[Short web captions]

==============================

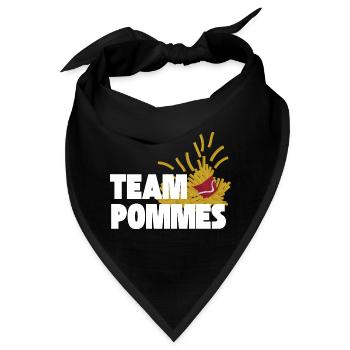Team Pommes Fritten Pommesliebe Kartoffel - Bandana - Schwarz - Vorne
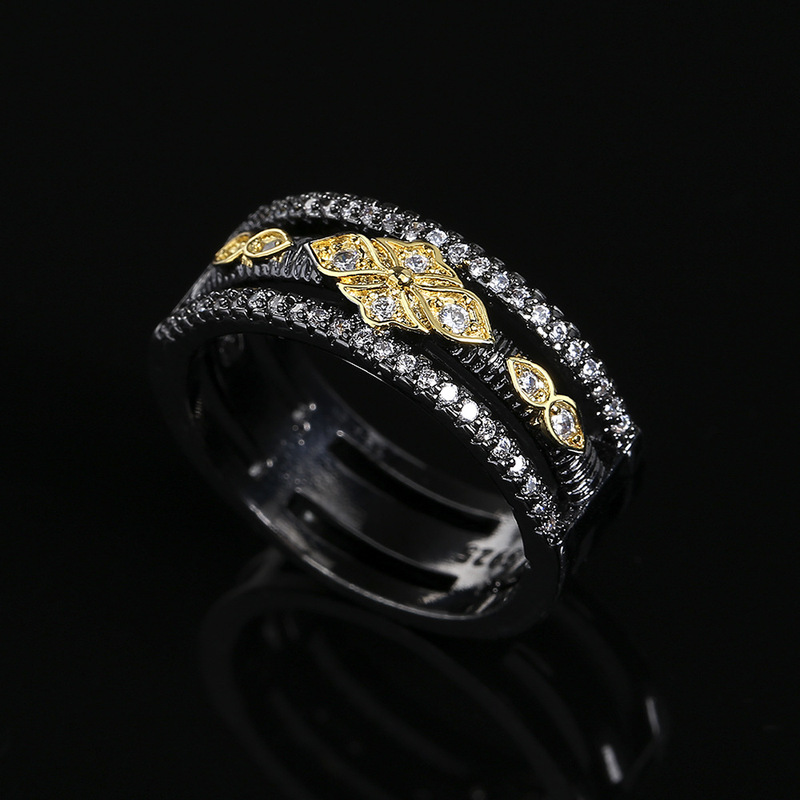 Exquisite Black Gold Two Color Women's Ring Multilayer Geometric Jewelry Party Ring High Quality Temperament Jewelry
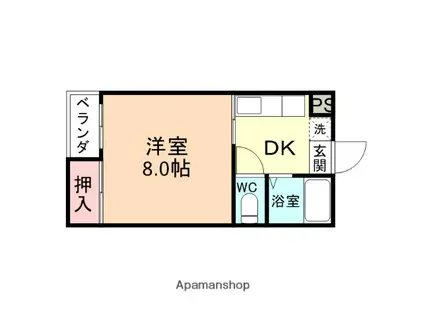 あいの風とやま鉄道 呉羽駅 徒歩15分 2階建 築31年(1DK/1階)の間取り写真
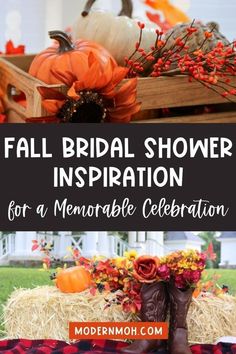 fall bridal shower inspiration for a memorable celebration with pumpkins, hay and flowers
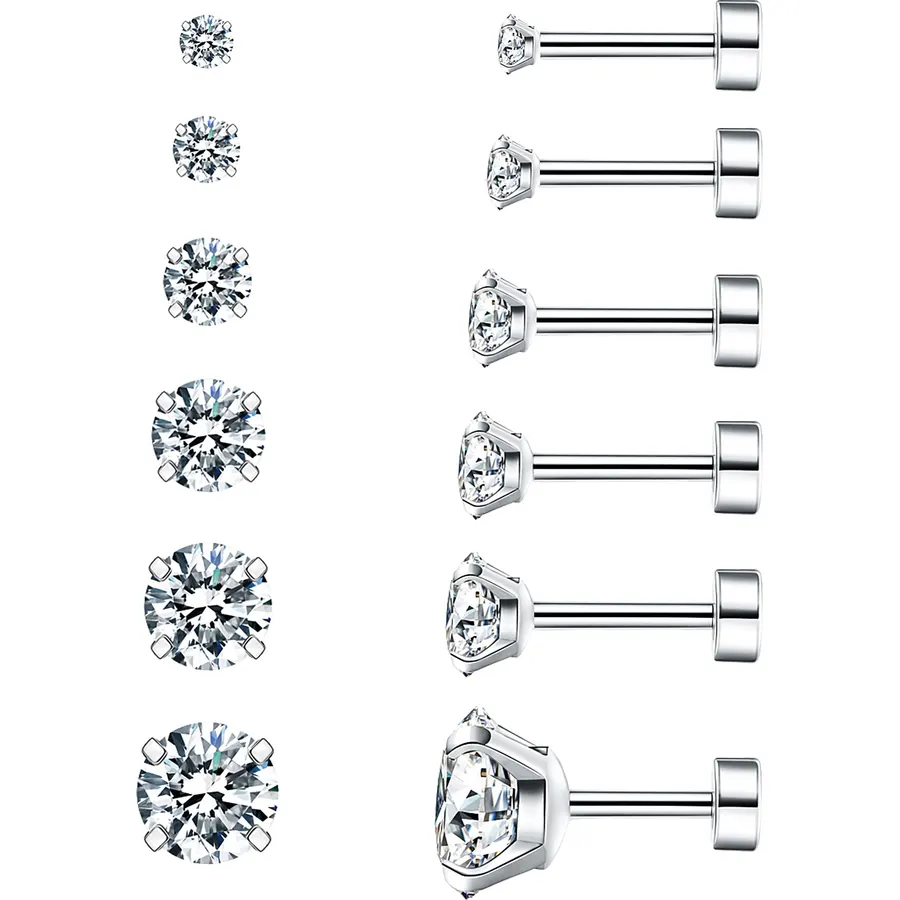 6 Pairs Hypoallergenic Cubic Zirconia Earrings Surgical Steel Flat Back Studs for Cartilage, Screw Back Fashion Jewelry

==============================

→ What the task requires:
Repeat the exact lines from the first line of the data through the line containing "あいの風とやま鉄道 呉羽駅 徒歩15分 2階建 築31年(1DK/1階)の間取り写真". Nothing else, no pictures.

→ Exercise output:
Team Pommes Fritten Pommesliebe Kartoffel - Bandana - Schwarz - Vorne
 Exquisite Black Gold Two Color Women's Ring Multilayer Geometric Jewelry Party Ring High Quality Temperament Jewelry
 あいの風とやま鉄道 呉羽駅 徒歩15分 2階建 築31年(1DK/1階)の間取り写真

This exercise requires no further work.